Anyone with experience running 2 linked consumer GPU's want to chime in how good...

Filligree · on July 26, 2023

You get a fast link between the GPUs, which should help when you’ve got a model split between them.

However, that split isn’t automatic. You can’t expect to run a 40GB model on that, unless perhaps if it’s been designed for that—the way llama.cpp can split a model between the GPU and CPU, for instance.

What you can do without trouble is keep more models loaded, do more things at the same time, and occasionally run the same model at double speed if it batches well.

deaddodo · on July 26, 2023

CUDA multi-GPU with NVLink is pretty well tested with shared memory space. You still want to use NCCL to optimize the allocation, but many CUDA-aware libraries (and their subsequent ML tools) are capable.

pseg134 · on July 26, 2023

This is incorrect if you are talking about 3090 or 3090ti using nvlink.
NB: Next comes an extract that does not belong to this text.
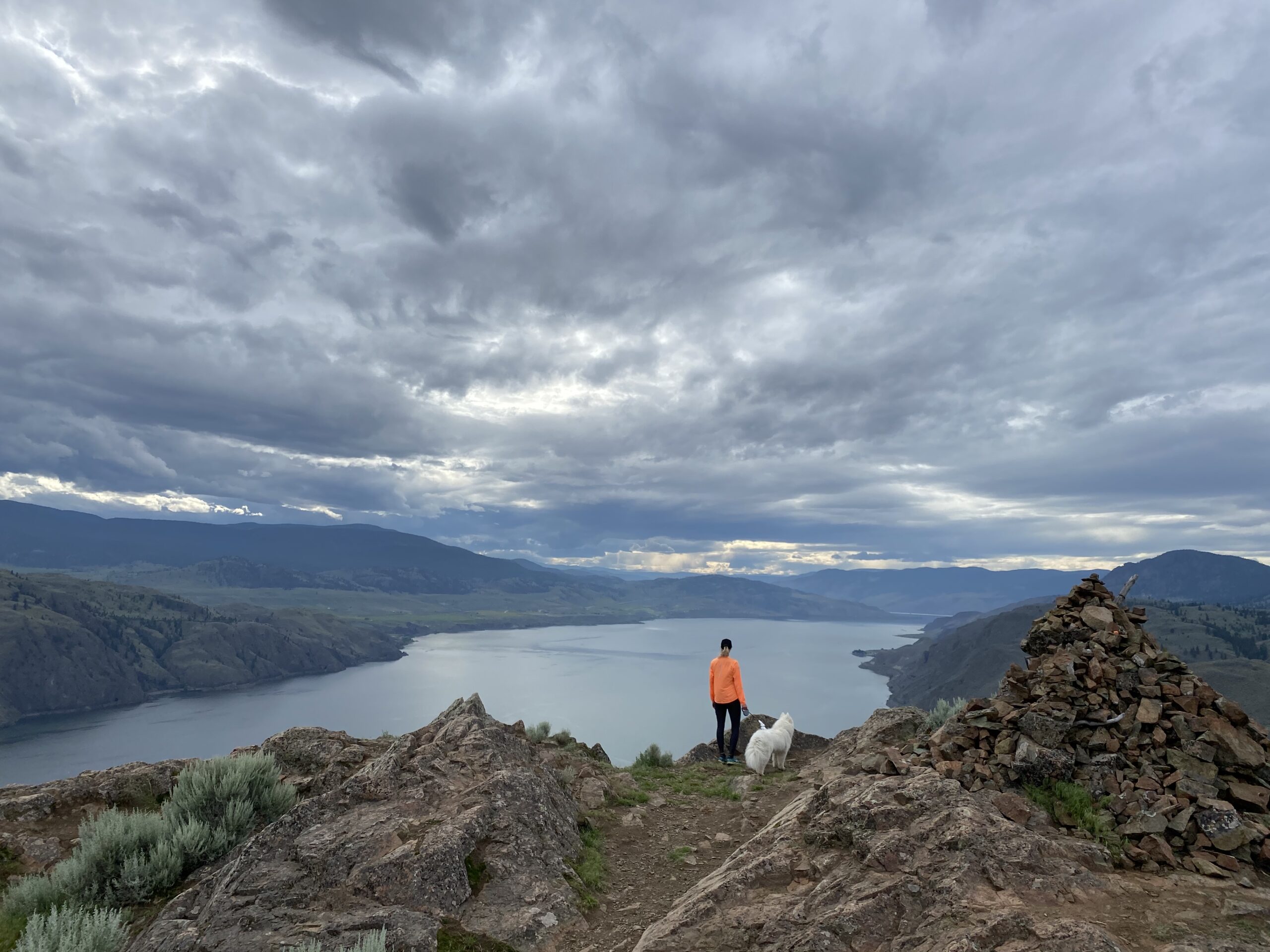 A summer of summits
PeterStuer · on July 26, 2023

You mean those would work like a virtual single GPU with 48GB vram?

Tepix · on July 26, 2023

No. But pytorch will automatically make use of both GPUs and a NVlink bridge if you use its model parallel and distributed data parallel approaches.

marcyb5st · on July 26, 2023

I think you need enterprise grade cards for it to make it work. If I remember correctly consumer cards with nvlink can't share resources to host a 40GB model in vram.